By the middle of January, Pingle was back in Amritsar with "the fat babu" (Rash Behari); to avoid too many visitors, Rash Behari moved to Lahore after a fortnight. In both the places he collected materials for making bombs and ordered for 80 bomb cases to a foundry at Lahore. Its owner out of suspicion refused to execute the order. Instead, inkpots were used as cases in several of the dacoities. Completed bombs were found during house searches, while Rash Behari escaped. "By then effective contact had been established between the returned Gadharites and the revolutionaries led by Rash Behari, and a large section of soldiers in the NW were obviously disaffected." "It was expected that as soon as the signal was received there would be mutinies and popular risings from the Punjab to Bengal." "48 out of the 81 accused in the Lahore conspiracy case, including Rash Behari's close associates like Pingle, Mathura Singh & Kartar Singh Sarabha, recently arrived from North America."

Along with Rash Behari Bose, Sachin Sanyal and Kartar Singh Sarabha, Pingle became one of the main coordinators of the attempted mutiny in February 1915. Under Rash Behari, Pingle issued intensive propaganda for revolution from December 1914, sometimes disguised as Shyamlal, a Bengali; sometimes Ganpat Singh, a Punjabi.

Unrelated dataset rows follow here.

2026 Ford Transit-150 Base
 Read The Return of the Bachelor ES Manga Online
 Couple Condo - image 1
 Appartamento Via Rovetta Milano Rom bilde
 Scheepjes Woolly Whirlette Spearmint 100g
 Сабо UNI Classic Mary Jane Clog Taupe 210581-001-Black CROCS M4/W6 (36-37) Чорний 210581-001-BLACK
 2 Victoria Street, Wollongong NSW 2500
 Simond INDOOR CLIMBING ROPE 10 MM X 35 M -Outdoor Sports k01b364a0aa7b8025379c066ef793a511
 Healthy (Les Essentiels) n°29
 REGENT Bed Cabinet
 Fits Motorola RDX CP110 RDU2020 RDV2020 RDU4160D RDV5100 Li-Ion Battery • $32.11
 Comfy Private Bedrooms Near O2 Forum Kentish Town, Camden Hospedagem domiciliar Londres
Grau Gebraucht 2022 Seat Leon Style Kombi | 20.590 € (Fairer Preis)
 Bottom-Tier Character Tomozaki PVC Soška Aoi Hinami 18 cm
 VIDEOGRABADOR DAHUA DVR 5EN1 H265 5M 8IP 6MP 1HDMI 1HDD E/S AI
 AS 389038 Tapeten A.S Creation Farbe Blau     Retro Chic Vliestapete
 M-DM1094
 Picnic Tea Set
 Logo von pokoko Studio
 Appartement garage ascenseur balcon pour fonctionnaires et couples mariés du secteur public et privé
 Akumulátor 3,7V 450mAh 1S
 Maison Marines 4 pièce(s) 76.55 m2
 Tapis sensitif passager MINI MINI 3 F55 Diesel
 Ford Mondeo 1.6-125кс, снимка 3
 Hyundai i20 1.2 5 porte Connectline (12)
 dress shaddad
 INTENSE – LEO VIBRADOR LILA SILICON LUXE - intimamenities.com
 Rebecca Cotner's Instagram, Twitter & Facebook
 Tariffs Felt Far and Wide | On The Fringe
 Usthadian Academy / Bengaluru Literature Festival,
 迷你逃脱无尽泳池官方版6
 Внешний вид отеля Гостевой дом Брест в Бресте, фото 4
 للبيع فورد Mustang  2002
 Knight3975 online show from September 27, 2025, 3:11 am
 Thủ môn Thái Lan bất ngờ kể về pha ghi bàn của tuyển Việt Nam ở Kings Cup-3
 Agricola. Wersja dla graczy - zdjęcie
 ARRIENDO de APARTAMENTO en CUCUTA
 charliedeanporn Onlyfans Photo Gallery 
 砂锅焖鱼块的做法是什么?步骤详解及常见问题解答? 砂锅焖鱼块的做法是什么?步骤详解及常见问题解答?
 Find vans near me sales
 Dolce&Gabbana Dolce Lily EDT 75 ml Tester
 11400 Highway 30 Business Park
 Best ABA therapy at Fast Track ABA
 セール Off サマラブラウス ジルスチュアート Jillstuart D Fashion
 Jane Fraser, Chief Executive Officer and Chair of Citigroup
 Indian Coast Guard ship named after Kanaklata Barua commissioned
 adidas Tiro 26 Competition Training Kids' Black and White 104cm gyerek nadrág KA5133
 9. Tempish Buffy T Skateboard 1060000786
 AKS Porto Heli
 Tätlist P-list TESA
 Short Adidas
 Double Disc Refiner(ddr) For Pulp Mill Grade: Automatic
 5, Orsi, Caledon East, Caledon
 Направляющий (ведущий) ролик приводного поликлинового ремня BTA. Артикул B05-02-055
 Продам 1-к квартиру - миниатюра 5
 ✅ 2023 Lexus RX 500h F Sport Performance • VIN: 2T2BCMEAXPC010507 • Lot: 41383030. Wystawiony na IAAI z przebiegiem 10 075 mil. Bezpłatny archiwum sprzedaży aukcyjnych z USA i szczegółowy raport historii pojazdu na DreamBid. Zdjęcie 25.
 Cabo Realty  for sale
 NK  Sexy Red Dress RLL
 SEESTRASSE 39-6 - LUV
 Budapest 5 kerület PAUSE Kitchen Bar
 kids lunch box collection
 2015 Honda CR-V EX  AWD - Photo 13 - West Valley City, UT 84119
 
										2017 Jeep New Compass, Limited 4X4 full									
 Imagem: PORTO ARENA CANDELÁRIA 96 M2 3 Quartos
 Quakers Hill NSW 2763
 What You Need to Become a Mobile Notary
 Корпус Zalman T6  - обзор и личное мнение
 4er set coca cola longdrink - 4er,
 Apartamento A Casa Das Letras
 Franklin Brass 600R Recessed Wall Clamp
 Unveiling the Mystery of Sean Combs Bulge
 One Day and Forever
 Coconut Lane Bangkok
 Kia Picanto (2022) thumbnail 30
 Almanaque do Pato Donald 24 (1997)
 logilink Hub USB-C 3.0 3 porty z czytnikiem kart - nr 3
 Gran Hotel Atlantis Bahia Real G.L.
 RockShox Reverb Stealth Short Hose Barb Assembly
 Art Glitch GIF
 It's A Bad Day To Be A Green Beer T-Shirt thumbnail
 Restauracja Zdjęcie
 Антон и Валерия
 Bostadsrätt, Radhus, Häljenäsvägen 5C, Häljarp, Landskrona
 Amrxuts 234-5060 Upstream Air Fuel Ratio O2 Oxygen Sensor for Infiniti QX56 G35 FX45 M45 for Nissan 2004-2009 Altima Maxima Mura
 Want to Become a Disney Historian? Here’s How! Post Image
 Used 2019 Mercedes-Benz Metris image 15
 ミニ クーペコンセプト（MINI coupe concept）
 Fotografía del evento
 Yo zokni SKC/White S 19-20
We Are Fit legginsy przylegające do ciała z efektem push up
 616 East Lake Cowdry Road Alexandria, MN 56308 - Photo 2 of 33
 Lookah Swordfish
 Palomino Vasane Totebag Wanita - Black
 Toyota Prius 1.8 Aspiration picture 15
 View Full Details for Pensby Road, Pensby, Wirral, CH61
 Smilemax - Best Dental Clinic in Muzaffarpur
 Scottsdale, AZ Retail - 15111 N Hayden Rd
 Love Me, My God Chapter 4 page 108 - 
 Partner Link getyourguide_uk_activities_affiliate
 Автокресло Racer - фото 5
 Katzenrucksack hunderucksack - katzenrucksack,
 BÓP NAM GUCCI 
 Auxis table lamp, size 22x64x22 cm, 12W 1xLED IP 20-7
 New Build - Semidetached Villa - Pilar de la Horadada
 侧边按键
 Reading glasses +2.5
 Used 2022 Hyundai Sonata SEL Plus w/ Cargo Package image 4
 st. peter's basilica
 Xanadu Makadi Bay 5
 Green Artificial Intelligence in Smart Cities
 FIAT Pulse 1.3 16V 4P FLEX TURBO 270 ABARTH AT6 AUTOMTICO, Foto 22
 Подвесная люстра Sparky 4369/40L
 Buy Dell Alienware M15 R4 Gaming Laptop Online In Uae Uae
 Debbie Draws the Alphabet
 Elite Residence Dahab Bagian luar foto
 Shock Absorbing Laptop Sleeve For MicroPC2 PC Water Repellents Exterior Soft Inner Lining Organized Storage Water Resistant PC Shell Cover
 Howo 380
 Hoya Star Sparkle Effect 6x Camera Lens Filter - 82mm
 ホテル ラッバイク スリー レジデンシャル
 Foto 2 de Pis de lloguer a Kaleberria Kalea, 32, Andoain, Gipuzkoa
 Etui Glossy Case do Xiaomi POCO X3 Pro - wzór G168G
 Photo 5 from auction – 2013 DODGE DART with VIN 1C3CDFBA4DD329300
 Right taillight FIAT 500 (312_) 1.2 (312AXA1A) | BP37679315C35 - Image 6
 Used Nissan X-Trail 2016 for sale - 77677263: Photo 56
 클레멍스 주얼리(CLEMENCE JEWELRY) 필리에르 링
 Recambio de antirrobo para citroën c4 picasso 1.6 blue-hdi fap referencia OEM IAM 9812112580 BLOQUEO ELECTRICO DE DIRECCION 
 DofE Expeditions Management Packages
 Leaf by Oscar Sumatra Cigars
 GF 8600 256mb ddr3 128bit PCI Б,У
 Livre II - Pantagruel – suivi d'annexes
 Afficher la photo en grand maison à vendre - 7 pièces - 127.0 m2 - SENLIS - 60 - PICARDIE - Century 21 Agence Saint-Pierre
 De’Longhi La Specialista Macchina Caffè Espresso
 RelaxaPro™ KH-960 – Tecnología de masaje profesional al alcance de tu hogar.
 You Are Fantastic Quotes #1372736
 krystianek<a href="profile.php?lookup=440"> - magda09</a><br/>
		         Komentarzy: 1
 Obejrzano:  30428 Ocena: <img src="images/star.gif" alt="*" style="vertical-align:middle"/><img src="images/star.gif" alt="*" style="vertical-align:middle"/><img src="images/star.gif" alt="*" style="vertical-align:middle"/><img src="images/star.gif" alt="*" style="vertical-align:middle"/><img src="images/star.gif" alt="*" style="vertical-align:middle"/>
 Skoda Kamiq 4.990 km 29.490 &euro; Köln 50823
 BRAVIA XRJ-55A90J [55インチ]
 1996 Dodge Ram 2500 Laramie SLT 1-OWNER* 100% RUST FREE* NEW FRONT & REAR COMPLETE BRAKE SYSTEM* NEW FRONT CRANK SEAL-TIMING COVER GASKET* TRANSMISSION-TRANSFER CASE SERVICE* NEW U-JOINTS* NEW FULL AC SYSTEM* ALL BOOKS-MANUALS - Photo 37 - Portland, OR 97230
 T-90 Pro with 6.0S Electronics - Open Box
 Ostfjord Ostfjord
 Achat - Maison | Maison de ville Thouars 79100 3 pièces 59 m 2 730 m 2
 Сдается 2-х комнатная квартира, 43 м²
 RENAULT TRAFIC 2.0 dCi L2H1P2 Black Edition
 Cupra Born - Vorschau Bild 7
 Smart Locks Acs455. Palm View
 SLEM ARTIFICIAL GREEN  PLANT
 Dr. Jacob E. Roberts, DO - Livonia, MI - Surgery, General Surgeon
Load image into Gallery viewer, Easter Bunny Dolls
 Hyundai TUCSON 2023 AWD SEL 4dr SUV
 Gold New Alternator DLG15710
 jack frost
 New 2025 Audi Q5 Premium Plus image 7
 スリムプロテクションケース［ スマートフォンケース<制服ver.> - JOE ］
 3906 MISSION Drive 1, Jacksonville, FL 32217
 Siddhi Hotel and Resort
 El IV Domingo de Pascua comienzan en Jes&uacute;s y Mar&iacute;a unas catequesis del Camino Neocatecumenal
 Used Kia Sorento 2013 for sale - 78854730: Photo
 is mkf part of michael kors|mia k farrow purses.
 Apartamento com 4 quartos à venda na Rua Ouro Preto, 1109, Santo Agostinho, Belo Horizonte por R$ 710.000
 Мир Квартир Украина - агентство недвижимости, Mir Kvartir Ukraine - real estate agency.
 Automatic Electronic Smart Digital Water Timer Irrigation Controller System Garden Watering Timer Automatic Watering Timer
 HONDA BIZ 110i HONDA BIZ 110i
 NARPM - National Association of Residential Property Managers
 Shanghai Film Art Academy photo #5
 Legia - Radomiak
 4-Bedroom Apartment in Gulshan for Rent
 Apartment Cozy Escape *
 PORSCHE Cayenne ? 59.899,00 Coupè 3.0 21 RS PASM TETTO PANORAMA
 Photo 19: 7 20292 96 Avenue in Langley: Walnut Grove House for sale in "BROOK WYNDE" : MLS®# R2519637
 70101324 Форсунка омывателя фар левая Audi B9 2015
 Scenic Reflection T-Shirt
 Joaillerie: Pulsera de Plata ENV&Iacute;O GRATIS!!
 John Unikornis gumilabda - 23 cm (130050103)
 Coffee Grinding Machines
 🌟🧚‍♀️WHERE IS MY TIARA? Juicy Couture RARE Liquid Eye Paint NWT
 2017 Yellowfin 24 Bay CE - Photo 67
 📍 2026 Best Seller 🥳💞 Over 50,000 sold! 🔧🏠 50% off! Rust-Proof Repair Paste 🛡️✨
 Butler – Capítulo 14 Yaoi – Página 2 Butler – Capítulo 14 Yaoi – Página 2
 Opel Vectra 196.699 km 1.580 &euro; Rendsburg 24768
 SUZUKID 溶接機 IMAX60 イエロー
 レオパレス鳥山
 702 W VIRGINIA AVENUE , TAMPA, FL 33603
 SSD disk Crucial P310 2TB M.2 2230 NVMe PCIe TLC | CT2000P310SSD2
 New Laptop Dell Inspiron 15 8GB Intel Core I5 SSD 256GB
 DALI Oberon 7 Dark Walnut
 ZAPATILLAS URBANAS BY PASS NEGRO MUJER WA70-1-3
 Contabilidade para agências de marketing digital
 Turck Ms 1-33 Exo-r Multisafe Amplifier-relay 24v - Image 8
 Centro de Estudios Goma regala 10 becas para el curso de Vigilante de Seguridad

Confident of being able to rally the Indian sepoy, the plot for the mutiny took its final shape. The 23rd Cavalry in Punjab was to seize weapons and kill their officers while on roll call on 21 February. This was to be followed by mutiny in the 26th Punjab, which was to be the signal for the uprising to begin, resulting in an advance on Delhi and Lahore. The Bengal revolutionaries contacted the Sikh troops stationed at Dacca through letters of introduction sent by Sikh soldiers of Lahore, and succeeded in winning them over. The Bengal cell was to look for the Punjab Mail entering the Howrah Station the next day (which would have been cancelled if Punjab was seized) and was to strike immediately.
However, the Punjab CID successfully infiltrated the conspiracy at the last moment through Kirpal Singh: a cousin of the trooper Balwant Singh (23rd Cavalry), US-returned Kirpal, a spy, visited Rash Behari's Lahore headquarters near the Mochi Gate, where over a dozen leaders including Pingle met on 15 February 1915. Kirpal informed the police. Sensing that their plans had been compromised, the D-day was brought forward to 19 February, but even these plans found their way to the Punjab CID. Plans for revolt by the 130th Baluchi Regiment at Rangoon on 21 February were thwarted. Attempted revolts in the 26th Punjab, 7th Rajput, 130th Baluch, 24th Jat Artillery and other regiments were suppressed. Mutinies in Firozpur, Lahore, and Agra were also suppressed and many key leaders of the conspiracy were arrested, although some managed to escape or evade arrest. A last-ditch attempt was made by Kartar Singh Sarabha and Pingle to trigger a mutiny in the 12th Cavalry regiment at Meerut. Kartar Singh Sarabha escaped from Lahore, but was arrested in Benares, and V. G. Pingle was apprehended from the lines of the 12th Cavalry at Meerut, in the night of 23 March 1915. He carried "ten bombs of the pattern used in the attempt to assassinate Lord Hardinge in Delhi," according to Mumbai police report. It is said that it was enough to blow up an entire regiment. Mass arrests followed as the Ghadarites were rounded up in Punjab and the Central Provinces. Rash Behari Bose escaped from Lahore and in May 1915 fled to Japan. Other leaders, including Giani Pritam Singh, Swami Satyananda Puri and others fled to Thailand or other sympathetic nations.

==Trial and execution==
Vishnu Ganesh Pingle and a number of other Ghadarites including Kartar Singh Sarabha, Harnam Singh and Bhai Paramanand were tried in the Lahore Conspiracy trial in April 1915 by a special tribunal constituted under the Defence of India Act 1915, for their roles in the February plot. Pingle was executed by hanging at the Lahore Central Jail on 16 November 1915, along with Kartar Singh Sarabha and Pandit Kanshi Ram.

==Legacy==
A street in central Mumbai suburb of Chinchpokli is named after him.

Pingle's granddaughter Rajni Patil is a politician. She has served as a Member of the Indian Parliament.